Soweit der Kläger als Verfahrensmangel behauptet, dass LSG habe seine Entscheidung in nicht zulässiger Weise auf die Vermutung gestützt, im Regelfall - wie auch hier - erfordere das Weglassen von zucker- und kuhmilchhaltigen Produkten keinen zusätzlichen Kostenaufwand, es habe nach der Rechtsprechung des BSG (vom 14.2.2013 - B 14 AS 48/12 R - SozR 4-4200 § 21 Nr 15) den Sachverhalt aber weiter aufzuklären gehabt, rügt er eine Verletzung der Amtsermittlungspflicht (§ 103 SGG). Die Verletzung von § 103 SGG kann nach der ausdrücklichen Regelung in § 160 Abs 2 Nr 3 SGG nur erfolgreich geltend gemacht werden, wenn sich der Vortrag auf einen Beweisantrag im Berufungsverfahren bezieht, dem das LSG ohne hinreichende Begründung nicht gefolgt ist. Bei nicht rechtskundig vertretenen Beteiligten sind zwar weniger strenge Anforderungen an die Form und den Inhalt eines Beweisantrags zu stellen. Auch ein unvertretener Kläger muss aber dem Gericht deutlich machen, welche konkreten Punkte er am Ende des Verfahrens noch für aufklärungsbedürftig gehalten hat und auf welche Beweismittel das Gericht hätte zurückgreifen sollen, um welchen Sachverhalt weiter aufzuklären (vgl etwa BSG vom 28.5.2013 - B 5 R 38/13 B - juris RdNr 8 mwN). Der Kläger behauptet nicht und es lässt sich dem Inhalt der Akten auch nicht entnehmen, dass er zuletzt noch in der mündlichen Verhandlung sinngemäß entsprechenden Aufklärungsbedarf geltend gemacht hat.

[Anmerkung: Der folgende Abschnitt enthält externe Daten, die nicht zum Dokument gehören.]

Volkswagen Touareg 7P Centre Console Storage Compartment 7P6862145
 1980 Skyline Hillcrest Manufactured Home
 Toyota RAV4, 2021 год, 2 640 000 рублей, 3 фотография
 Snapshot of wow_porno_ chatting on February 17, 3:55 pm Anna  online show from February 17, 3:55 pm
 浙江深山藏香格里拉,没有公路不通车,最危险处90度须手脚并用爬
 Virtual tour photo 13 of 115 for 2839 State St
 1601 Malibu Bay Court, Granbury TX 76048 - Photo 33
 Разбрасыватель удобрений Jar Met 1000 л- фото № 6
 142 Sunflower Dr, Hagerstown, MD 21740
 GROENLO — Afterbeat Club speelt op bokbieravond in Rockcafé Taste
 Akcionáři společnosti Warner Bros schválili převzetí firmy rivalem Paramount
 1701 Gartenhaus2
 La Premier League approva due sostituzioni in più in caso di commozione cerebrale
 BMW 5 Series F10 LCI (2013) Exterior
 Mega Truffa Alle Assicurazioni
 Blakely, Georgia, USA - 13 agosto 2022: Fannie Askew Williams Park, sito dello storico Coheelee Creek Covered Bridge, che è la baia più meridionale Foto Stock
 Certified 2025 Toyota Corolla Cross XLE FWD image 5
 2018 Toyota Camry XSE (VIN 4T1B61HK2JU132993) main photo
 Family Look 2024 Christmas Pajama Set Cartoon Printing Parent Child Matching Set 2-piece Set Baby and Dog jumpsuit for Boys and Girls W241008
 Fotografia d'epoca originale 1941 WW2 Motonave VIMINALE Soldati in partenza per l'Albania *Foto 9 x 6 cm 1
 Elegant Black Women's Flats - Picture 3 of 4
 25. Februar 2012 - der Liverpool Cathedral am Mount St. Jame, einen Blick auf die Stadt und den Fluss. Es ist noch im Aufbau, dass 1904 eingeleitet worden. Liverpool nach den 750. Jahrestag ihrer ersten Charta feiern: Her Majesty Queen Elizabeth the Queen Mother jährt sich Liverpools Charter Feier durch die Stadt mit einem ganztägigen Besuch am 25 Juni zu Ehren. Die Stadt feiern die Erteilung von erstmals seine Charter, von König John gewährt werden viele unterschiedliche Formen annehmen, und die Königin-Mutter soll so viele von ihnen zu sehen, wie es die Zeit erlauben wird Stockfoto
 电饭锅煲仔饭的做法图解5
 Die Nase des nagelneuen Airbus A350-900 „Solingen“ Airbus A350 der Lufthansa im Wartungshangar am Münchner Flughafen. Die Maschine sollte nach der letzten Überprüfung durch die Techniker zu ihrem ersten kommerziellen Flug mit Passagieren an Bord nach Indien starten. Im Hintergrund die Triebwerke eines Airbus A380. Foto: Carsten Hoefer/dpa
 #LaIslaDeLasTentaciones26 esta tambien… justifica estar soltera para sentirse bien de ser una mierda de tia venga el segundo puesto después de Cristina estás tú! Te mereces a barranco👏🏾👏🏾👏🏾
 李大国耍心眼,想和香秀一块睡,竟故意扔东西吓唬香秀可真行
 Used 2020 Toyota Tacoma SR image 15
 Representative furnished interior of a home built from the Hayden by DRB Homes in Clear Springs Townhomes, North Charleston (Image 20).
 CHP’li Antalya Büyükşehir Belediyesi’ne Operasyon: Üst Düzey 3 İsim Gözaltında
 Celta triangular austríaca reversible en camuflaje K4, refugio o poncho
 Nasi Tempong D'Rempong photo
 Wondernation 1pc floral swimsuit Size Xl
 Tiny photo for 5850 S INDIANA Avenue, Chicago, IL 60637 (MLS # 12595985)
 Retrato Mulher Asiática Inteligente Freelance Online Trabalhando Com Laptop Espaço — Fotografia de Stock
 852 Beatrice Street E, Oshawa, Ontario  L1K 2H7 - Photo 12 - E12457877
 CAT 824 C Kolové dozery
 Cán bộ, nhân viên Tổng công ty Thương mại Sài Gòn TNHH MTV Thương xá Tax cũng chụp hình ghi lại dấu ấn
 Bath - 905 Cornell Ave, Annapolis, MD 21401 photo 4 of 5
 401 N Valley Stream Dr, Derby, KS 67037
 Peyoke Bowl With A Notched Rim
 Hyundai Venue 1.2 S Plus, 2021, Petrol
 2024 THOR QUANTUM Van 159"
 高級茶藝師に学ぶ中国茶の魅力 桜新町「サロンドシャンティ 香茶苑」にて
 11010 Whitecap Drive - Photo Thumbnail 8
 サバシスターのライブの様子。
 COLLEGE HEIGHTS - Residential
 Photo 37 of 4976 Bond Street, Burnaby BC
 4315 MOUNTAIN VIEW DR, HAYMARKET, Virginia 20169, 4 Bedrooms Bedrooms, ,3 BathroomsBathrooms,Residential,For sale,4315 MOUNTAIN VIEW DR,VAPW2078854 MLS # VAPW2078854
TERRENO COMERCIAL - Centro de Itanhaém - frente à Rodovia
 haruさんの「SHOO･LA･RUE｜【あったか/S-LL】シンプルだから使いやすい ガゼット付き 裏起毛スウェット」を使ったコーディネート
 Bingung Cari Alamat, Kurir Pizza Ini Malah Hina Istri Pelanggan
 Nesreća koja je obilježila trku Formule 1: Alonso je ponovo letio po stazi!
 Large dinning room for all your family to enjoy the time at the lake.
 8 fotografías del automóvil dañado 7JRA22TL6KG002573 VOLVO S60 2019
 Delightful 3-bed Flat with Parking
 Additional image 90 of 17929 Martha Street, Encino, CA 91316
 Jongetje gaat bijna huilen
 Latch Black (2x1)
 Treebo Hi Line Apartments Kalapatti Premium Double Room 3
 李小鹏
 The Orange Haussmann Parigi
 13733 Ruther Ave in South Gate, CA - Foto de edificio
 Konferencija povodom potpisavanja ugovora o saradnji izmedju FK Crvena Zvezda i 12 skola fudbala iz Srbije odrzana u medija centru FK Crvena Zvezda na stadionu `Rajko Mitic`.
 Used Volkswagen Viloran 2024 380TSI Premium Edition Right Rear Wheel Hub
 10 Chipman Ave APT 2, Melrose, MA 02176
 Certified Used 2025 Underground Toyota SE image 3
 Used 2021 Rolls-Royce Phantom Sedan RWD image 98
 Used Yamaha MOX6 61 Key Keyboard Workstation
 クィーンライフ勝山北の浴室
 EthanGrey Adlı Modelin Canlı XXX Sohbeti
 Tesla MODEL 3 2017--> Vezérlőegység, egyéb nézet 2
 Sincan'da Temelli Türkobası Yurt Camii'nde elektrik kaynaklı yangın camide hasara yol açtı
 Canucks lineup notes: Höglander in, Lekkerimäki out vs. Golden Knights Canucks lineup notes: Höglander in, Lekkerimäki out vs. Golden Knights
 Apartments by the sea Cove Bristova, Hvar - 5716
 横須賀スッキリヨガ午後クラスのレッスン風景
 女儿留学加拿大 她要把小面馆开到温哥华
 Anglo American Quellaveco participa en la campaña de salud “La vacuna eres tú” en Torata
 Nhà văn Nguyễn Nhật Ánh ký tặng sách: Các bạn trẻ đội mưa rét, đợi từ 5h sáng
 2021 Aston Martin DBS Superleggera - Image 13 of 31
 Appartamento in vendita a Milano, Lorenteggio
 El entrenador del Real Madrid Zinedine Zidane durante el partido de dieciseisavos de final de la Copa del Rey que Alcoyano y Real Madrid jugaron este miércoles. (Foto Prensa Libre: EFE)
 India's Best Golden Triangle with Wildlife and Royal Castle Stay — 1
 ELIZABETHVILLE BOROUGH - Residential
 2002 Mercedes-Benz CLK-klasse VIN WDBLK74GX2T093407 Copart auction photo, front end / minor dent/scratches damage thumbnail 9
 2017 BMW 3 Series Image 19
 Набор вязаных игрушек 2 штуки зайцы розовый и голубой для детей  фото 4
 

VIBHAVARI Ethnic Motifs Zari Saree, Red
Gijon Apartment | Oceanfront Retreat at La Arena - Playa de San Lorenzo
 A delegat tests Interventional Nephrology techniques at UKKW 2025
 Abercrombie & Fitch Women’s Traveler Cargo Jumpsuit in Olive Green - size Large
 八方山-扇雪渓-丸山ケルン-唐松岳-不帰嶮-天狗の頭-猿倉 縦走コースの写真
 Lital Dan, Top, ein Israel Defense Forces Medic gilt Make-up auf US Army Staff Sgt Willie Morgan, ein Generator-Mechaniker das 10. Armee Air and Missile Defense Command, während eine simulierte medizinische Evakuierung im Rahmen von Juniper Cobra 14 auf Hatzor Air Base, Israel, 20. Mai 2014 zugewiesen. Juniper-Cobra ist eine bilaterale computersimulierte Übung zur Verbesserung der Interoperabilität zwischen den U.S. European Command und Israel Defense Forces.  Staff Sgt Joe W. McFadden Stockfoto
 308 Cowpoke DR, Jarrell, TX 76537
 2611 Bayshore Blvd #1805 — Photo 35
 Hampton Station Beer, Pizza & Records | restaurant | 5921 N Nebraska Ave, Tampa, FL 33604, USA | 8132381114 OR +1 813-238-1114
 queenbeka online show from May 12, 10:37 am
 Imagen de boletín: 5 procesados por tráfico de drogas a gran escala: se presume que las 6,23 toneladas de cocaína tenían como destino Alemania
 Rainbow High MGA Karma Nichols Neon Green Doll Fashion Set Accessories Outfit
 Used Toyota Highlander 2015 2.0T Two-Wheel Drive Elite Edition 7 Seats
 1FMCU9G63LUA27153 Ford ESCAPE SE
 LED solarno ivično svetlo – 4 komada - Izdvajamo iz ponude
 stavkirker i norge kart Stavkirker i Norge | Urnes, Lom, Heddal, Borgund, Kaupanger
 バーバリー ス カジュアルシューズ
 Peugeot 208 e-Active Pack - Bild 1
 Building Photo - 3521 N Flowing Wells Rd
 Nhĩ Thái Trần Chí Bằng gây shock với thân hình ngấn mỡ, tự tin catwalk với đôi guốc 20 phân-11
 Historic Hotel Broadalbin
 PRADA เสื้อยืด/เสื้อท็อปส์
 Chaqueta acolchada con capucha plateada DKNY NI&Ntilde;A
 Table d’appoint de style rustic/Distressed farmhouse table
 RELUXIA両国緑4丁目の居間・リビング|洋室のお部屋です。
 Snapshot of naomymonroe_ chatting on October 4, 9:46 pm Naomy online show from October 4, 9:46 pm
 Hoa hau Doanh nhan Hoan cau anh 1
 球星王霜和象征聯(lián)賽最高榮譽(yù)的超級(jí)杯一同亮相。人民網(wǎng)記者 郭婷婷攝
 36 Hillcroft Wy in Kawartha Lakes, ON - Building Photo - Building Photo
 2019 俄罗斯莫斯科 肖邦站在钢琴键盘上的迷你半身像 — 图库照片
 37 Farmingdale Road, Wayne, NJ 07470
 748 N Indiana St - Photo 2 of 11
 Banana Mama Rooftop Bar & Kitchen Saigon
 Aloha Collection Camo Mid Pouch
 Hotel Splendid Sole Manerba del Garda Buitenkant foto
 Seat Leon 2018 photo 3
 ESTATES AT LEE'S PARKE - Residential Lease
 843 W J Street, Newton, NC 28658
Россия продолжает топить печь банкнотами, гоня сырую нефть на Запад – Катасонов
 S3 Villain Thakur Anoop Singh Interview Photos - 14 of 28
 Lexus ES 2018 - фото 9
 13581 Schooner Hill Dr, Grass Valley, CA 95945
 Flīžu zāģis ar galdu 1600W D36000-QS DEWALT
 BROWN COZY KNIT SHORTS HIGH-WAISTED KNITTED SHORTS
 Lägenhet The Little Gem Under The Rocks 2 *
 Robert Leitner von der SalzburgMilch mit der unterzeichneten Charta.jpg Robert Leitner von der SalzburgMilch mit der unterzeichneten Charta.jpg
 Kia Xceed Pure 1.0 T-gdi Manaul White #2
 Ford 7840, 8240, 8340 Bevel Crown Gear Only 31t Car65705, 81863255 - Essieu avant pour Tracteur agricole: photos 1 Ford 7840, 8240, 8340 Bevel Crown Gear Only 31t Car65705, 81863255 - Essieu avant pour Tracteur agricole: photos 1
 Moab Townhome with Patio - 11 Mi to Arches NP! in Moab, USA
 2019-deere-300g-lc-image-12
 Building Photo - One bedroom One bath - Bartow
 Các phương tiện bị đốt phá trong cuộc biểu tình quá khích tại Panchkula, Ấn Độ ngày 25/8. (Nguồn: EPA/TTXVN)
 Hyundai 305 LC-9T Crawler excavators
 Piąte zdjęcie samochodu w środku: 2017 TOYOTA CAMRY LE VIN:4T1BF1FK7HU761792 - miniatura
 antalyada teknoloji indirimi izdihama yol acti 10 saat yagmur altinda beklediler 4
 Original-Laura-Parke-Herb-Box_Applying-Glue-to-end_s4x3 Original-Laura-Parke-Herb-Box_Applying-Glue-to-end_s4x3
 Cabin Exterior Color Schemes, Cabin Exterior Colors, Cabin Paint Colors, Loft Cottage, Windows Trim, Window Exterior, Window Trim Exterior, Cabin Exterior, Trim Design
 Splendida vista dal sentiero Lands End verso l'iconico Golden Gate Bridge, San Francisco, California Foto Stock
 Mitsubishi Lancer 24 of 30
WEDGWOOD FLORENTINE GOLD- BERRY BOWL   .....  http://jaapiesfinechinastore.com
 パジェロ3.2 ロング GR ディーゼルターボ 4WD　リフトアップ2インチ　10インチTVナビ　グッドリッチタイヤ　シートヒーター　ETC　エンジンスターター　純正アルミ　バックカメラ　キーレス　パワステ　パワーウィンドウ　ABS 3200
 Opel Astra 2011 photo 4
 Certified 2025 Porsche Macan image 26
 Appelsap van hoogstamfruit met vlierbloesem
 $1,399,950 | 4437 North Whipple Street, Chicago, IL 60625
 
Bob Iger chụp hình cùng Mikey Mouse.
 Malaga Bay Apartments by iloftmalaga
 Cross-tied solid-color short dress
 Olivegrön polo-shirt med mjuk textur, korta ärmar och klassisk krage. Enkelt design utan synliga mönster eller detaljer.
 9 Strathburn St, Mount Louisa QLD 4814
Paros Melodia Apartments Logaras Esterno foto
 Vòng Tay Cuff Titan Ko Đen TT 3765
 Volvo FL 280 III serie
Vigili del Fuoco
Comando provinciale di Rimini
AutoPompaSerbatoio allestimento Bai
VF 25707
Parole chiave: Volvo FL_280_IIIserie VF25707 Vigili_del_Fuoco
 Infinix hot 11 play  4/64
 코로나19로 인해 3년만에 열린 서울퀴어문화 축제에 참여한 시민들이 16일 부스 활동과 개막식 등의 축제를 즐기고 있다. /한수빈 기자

Es ist auch nicht erkennbar, dass auf den Vortrag, das LSG sei von der Rechtsprechung des BSG (vom 14.2.2013 - B 14 AS 48/12 R - SozR 4-4200 § 21 Nr 15) abgewichen, eine Divergenzrüge (§ 160 Abs 2 Nr 2 SGG) mit Erfolg gestützt werden könnte. Eine Divergenz liegt nur dann vor, wenn das LSG einen tragenden abstrakten Rechtssatz in Abweichung von einem tragenden abstrakten Rechtssatz des BSG aufgestellt hat. Eine Abweichung ist erst dann zu bejahen, wenn das LSG diesen Kriterien - wenn auch unter Umständen unbewusst - widersprochen, also andere rechtliche Maßstäbe entwickelt hat (BSG vom 29.11.1989 - 7 BAr 130/88 - SozR 1500 § 160a Nr 67 S 91). Einen von der Rechtsprechung des BSG abweichenden Rechtssatz hat das LSG nicht aufgestellt. Vielmehr hat es die vom Kläger angeführte Rechtsprechung zitiert und dadurch deutlich gemacht, sich nicht zu ihr in Widerspruch setzen zu wollen. Selbst wenn man dem Kläger dahingehend folgt, dass das LSG die Rechtsprechung unrichtig angewandt habe, führt dies nicht zum Erfolg der Divergenzrüge. Nicht die Unrichtigkeit der Entscheidung im Einzelfall, sondern die Nichtübereinstimmung im Grundsätzlichen könnte die Zulassung der Revision wegen Abweichung begründen.
Der Rechtssache kommt schließlich nach Aktenlage auch keine grundsätzliche Bedeutung zu (§ 160 Abs 2 Nr 1 SGG). Auch der Kläger meint nicht, dass dieser Zulassungsgrund gegeben sei.
Mit der Ablehnung von PKH entfällt zugleich die Beiordnung eines Rechtsanwalts im Rahmen der PKH (§ 73a Abs 1 Satz 1 SGG iVm § 121 Abs 1 ZPO).